◆ **EXERCISE GOAL**: Go line by line through the records below. Copy whichever lines contain the string "with".

▼▼▼

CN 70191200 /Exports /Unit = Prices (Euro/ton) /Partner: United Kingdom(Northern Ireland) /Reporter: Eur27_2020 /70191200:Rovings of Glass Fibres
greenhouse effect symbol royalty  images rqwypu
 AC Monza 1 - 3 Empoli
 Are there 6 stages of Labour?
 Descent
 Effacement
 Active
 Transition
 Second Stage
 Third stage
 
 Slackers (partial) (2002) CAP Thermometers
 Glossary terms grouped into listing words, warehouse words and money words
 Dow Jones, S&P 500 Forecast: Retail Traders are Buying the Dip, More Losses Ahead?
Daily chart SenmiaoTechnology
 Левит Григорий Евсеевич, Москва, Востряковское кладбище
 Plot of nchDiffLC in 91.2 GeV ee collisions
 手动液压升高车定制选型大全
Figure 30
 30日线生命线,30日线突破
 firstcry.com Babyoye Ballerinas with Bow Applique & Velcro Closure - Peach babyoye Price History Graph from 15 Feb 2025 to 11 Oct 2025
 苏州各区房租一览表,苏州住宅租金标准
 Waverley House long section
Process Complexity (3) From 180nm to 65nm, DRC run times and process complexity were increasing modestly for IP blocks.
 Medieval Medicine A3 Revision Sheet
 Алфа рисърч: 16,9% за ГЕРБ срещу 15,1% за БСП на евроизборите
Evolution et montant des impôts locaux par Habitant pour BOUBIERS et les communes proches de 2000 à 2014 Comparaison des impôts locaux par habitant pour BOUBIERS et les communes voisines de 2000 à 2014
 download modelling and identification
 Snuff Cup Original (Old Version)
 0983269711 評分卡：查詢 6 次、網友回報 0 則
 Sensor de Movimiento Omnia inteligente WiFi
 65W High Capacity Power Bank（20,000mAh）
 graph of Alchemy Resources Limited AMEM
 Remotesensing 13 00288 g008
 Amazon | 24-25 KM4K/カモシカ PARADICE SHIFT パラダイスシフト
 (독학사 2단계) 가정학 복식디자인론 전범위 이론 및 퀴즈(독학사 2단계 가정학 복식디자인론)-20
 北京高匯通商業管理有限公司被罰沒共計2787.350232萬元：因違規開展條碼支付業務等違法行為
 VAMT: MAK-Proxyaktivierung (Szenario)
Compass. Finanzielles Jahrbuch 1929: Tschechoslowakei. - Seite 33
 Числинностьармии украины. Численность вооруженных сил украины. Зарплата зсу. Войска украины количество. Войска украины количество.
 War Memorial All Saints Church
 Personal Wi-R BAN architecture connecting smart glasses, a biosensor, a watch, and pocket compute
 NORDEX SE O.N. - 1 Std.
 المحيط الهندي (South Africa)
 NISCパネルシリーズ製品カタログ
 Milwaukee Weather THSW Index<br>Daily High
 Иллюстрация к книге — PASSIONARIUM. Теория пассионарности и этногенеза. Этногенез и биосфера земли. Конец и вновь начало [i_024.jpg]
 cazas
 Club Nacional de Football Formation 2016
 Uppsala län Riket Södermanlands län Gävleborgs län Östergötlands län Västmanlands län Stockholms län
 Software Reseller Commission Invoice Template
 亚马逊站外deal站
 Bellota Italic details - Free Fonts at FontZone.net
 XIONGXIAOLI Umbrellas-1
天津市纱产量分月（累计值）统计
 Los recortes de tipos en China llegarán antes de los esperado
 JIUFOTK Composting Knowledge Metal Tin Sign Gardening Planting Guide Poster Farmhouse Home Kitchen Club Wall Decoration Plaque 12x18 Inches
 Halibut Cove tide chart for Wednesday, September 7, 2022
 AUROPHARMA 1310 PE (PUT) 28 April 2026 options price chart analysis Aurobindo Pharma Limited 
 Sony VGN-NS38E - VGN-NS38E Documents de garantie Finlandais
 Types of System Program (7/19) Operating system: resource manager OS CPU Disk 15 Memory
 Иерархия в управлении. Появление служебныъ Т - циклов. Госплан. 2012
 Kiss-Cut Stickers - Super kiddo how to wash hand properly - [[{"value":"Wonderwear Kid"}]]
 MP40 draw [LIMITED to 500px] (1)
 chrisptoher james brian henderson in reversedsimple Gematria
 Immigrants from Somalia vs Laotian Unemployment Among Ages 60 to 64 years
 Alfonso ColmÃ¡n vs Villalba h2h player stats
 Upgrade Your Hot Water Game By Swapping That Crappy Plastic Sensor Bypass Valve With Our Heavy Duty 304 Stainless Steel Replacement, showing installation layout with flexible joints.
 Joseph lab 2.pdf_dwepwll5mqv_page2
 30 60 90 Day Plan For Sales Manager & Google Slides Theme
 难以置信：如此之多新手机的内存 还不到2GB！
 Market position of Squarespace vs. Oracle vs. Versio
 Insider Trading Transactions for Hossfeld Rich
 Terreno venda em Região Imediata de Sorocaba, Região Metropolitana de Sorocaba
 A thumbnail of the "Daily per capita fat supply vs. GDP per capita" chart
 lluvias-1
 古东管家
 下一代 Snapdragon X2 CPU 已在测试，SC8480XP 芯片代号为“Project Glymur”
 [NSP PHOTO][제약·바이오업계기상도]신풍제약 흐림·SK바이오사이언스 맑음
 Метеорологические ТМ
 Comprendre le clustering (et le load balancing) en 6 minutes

▲▲▲

◆ **RESPONSE**:
 firstcry.com Babyoye Ballerinas with Bow Applique & Velcro Closure - Peach babyoye Price History Graph from 15 Feb 2025 to 11 Oct 2025
 Upgrade Your Hot Water Game By Swapping That Crappy Plastic Sensor Bypass Valve With Our Heavy Duty 304 Stainless Steel Replacement, showing installation layout with flexible joints.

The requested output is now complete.